- Dataset excerpt -

____________

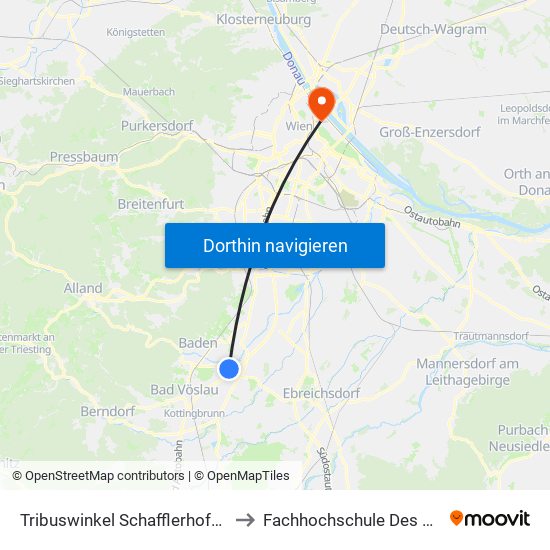 Tribuswinkel Schafflerhofsiedlung to Fachhochschule Des Bfi Wien map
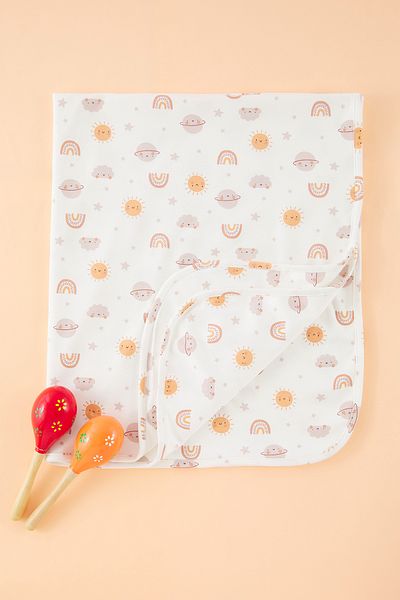 TRENDYOLKIDS Ecru Unisex 100% Cotton Rainbow Patterned Double Layer Interlock Baby Blanket Tkdss25Ci00000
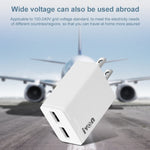 Bộ sạc du lịch IVON AD38 5V 2.1A hai cổng USB, phích cắm Mỹ, AD38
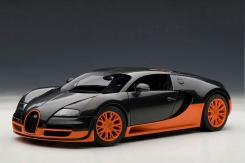 AUTOart Bugatti Veyron Super Sport Carbon Black with Orange Side Skirts 70936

____________

- Problem -
Your task is to retype the listing exactly, without its pictures.

- Answer to the exercise -
 Tribuswinkel Schafflerhofsiedlung to Fachhochschule Des Bfi Wien map
 TRENDYOLKIDS Ecru Unisex 100% Cotton Rainbow Patterned Double Layer Interlock Baby Blanket Tkdss25Ci00000
 Bộ sạc du lịch IVON AD38 5V 2.1A hai cổng USB, phích cắm Mỹ, AD38
 AUTOart Bugatti Veyron Super Sport Carbon Black with Orange Side Skirts 70936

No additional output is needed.